Step 3 - Attach a least-privilege permissions policy

data "aws_caller_identity" "current" {}

data "aws_iam_policy_document" "github_actions_deploy_permissions" {
  statement {
    sid       = "ECRAuth"
    actions   = ["ecr:GetAuthorizationToken"]
    resources = ["*"]
  }

  statement {
    sid = "ECRPush"
    actions = [
      "ecr:BatchCheckLayerAvailability",
      "ecr:GetDownloadUrlForLayer",
      "ecr:BatchGetImage",
      "ecr:PutImage",
      "ecr:InitiateLayerUpload",
      "ecr:UploadLayerPart",
      "ecr:CompleteLayerUpload",
    ]
    resources = ["arn:aws:ecr:\({var.aws_region}:\){data.aws_caller_identity.current.account_id}:repository/your-repo-name"]
  }

  statement {
    sid = "ECSDeploy"
    actions = [
      "ecs:UpdateService",
      "ecs:DescribeServices",
    ]
    resources = ["arn:aws:ecs:\({var.aws_region}:\){data.aws_caller_identity.current.account_id}:service/your-cluster/your-service"]
  }
}

resource "aws_iam_role_policy" "github_actions_deploy" {
  name   = "github-actions-deploy-policy"
  role   = aws_iam_role.github_actions_deploy.id
  policy = data.aws_iam_policy_document.github_actions_deploy_permissions.json
}

ecr:GetAuthorizationToken needs resource = "*" because it's an account-level call, not scoped to a specific repo. Everything else is scoped to the exact ECR repo and ECS service. data.aws_caller_identity.current pulls your account ID at plan time so you're not hardcoding it.

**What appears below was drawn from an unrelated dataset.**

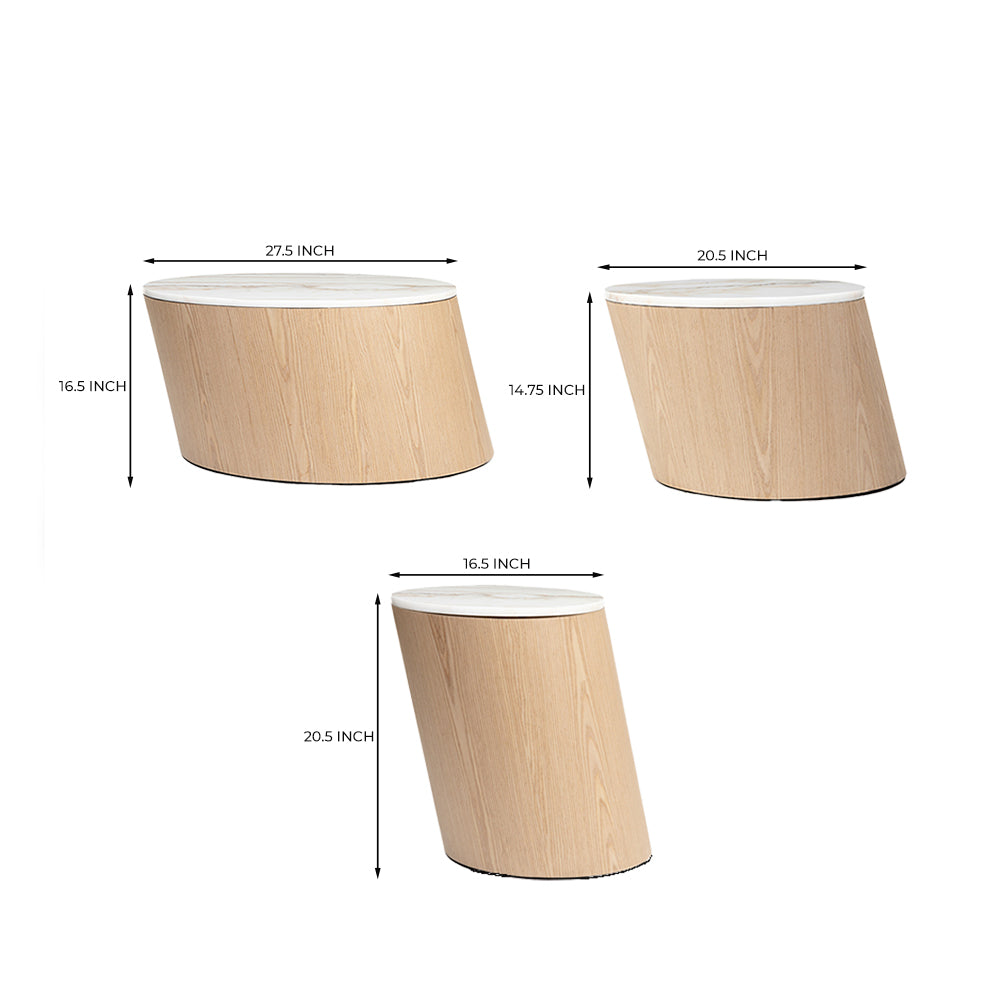 Vivant White Marble Top Wooden Round Coffee Table Set of 3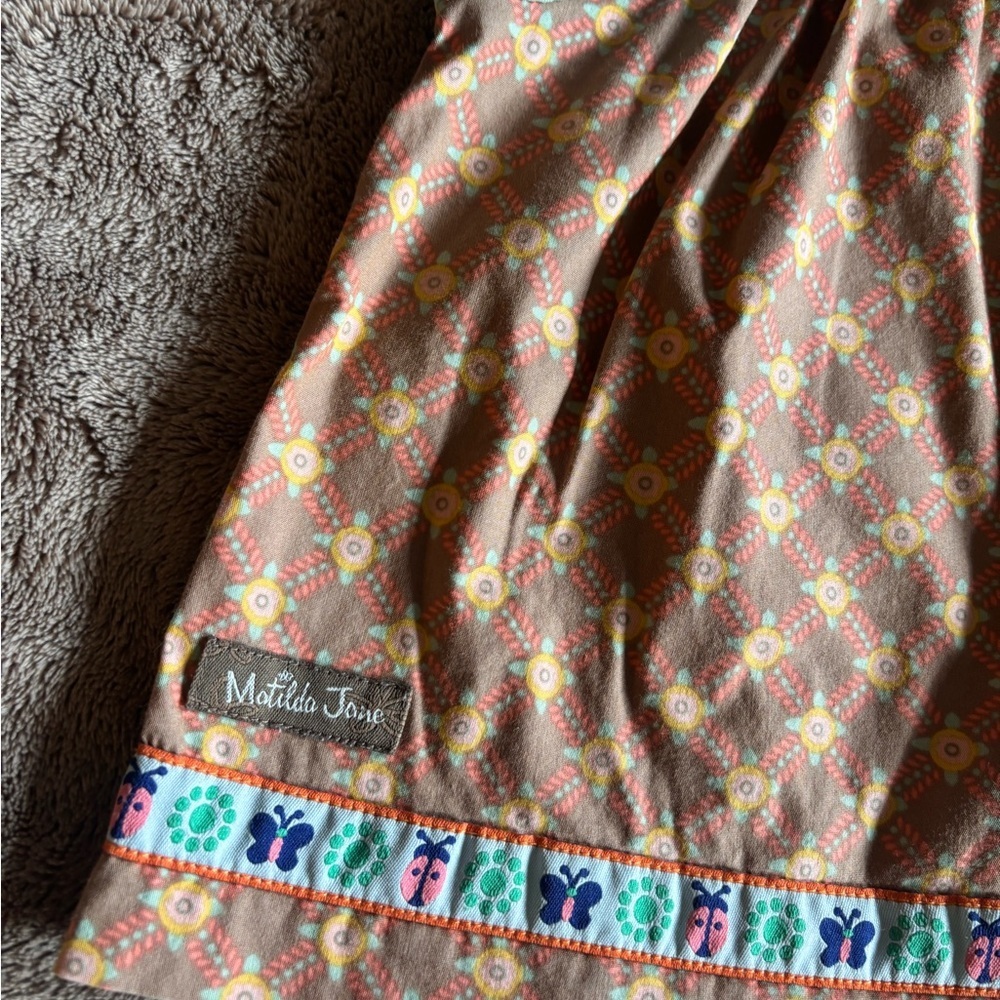 Matilda Jane Girls Mixed Media Floral Tunic Top Butterfly Trim Size 2 - Picture 2 of 4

Step 4 - Update your deploy workflow

Replace the access key credentials block with this:

permissions:
  id-token: write
  contents: read

steps:
  - uses: aws-actions/configure-aws-credentials@v4
    with:
      role-to-assume: arn:aws:iam::<account-id>:role/your-prefix-github-actions-deploy
      aws-region: your-region

permissions: id-token: write is required - it tells GitHub to generate an OIDC token for this job. Without it, the token is never created and the role assumption fails.


Before and after

Access keys OIDC
Stored credentials Yes - in GitHub secrets None
Credential lifetime Until manually rotated ~1 hour per run
Scope Account-level (as broad as the policy) Repo and branch specific
Leaked credential risk Permanent until rotated Expires fast, scoped tightly

Cleanup

Once OIDC is working, delete the old IAM user and remove the AWS_ACCESS_KEY_ID / AWS_SECRET_ACCESS_KEY secrets from your GitHub repo. You don't need them anymore.